Remember, these are only ever estimates and these changes won’t affect how much money you’ll actually get back when you retire.

We follow mandatory rules from the Financial Reporting Council (FRC) when we work out what your pension could be worth in the future. This means that the method we use is consistent with other UK pension companies.

We assume that you don’t make any changes to your contributions. We also assume that the government doesn’t change the rules around tax relief in the future.

We’ve made assumptions as to the nature of investments you hold, their likely performance based on FRC rules whether you’ve chosen a lifestyling option. Your investment choices and their actual performance may not be the same as we have assumed.

We’ve also assumed that you remain invested in your current investments until you take a retirement option, irrespective of your age. For some customers it’s only possible to stay invested in certain investments for a set amount of time. We’ll be in touch before anything changes.

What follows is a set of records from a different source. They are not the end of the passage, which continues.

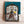 Load image into Gallery viewer, "Routine" Square Mirror by Pobre
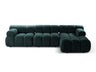 Modular corner sofa 638329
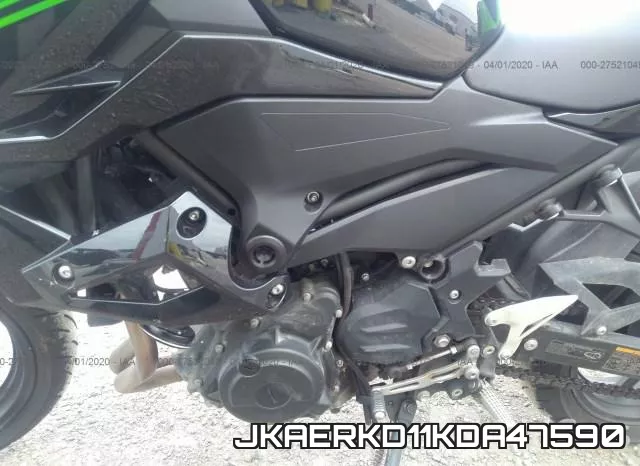 JKAERKD11KDA47590 фото 9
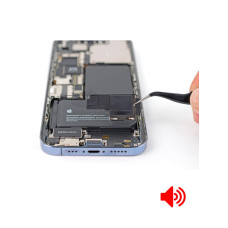 Ремонт основного динаміка iPhone 13 Pro Max 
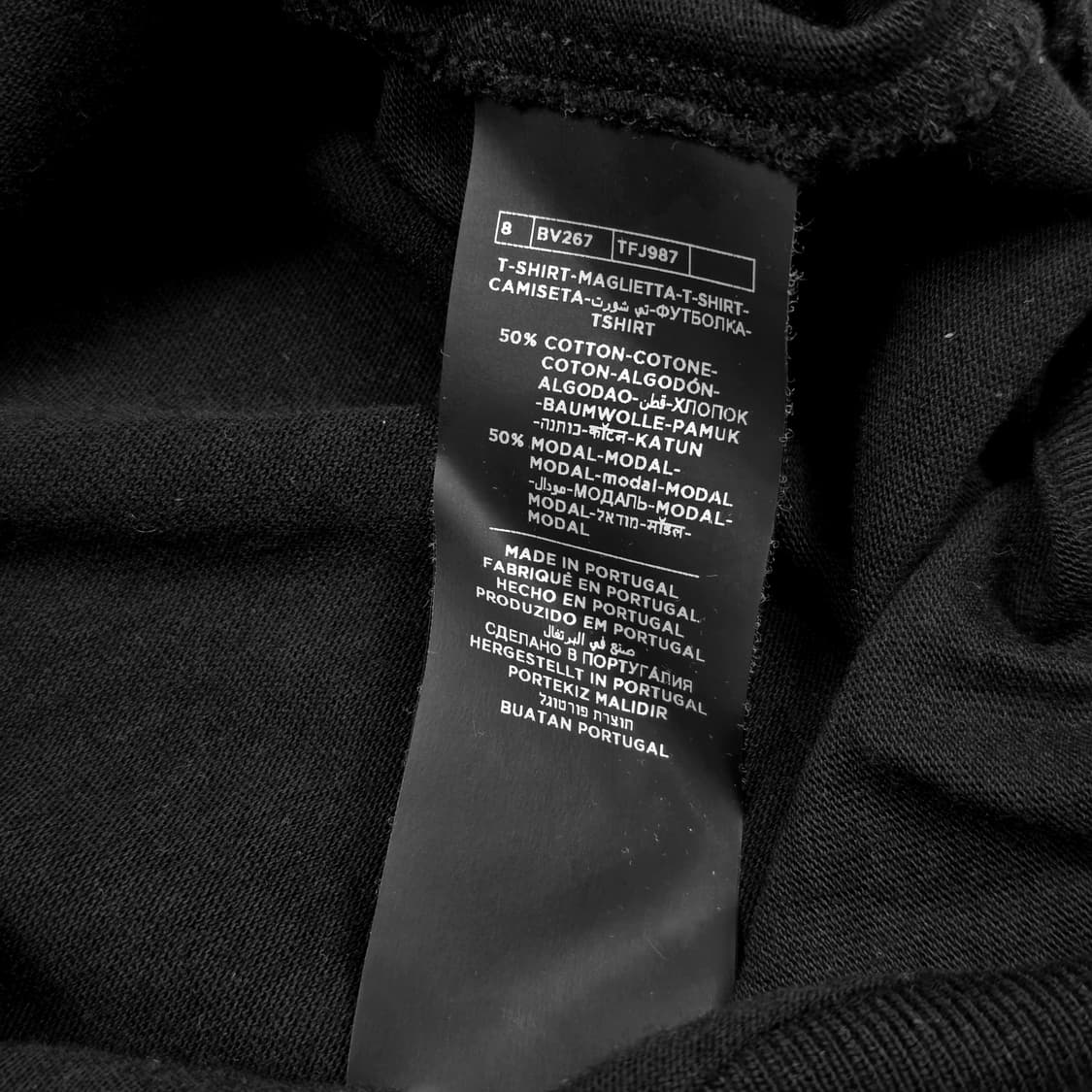 톰포드 헨리넥 긴팔 티셔츠 상품이미지5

Inflation affects the buying power of your money. Think about how much more your weekly grocery shop costs today than it did ten years ago. It’s important to review your policy regularly with this in mind.

We’ve adjusted your illustrations to take yearly inflation of 2.5% into account, so you have an idea of how much retirement income you could get in today’s money.

Under this assumption, £10 in 20 years’ time would only be worth the equivalent of £6.10 in today’s money.

We take into account expected charges that you pay for managing the investment of your fund (this may be to a fund manager), and we take into account fees paid to us for administering your policy.

The retirement income illustrations assume that you buy an annuity when you retire.

Annuity rates available when you come to take your retirement option are likely to be different to what we’ve assumed, so make sure you get quotes based on your personal circumstances.

We’ve assumed that the amount of retirement income you receive remains the same for the rest of your life.

When you buy an annuity you may be able to take a portion of your pension pot as a tax-free lump sum (normally no more than 25%). Our figures assume that no lump sum is taken. We’ve assumed that when you take your retirement income it will be on a single life basis and payments will be guaranteed for five years. This means:

  • If you die in the first five years of taking out your annuity, payments will continue until the end of the guarantee period. After this no more income will be paid.
  •  If you die after the first five years, your retirement income will end and no further benefits will be paid.

We’ve assumed that payments of your retirement income will be made monthly in advance.

There are other options available to you if you were to take an annuity, such as inflation proofing your income, taking a tax-free lump sum at outset or providing an income to a beneficiary if you were to die before them. If you took an income using any of these options it’s likely that you’ll receive a lower retirement income.

Note: These assumptions apply to almost everyone, however there are some rare exceptions. If this is the case we’ll confirm the assumptions that are correct for you in your annual statement.

Your actual retirement income will depend on a number of things, such as the performance of your investment, if your pension has any guarantees over the amount of income you get (such as a guaranteed annuity rate), your health and personal circumstances, and how much it costs when you buy an annuity.

The FRC changed their rules on 1 October 2023. The new rules looked at how much and how often the price of each investment changed over the last five years – this is sometimes referred to as volatility. Once the volatility for a fund is known we then use one of four assumed growth rates for that fund.

Before 1 October 2023, pension companies worked out their own future growth rates.

Remember: The amount you’ll actually get back will not change, just the estimation in your annual statement. If you were to compare estimates in your annual statement from now on to previous statements, you might see a difference

On the 6 April 2024 the FRC increased three of the four assumed growth rates. This means that compared to an estimate sent after 1 October 2023, the amount of money at your retirement would now be higher.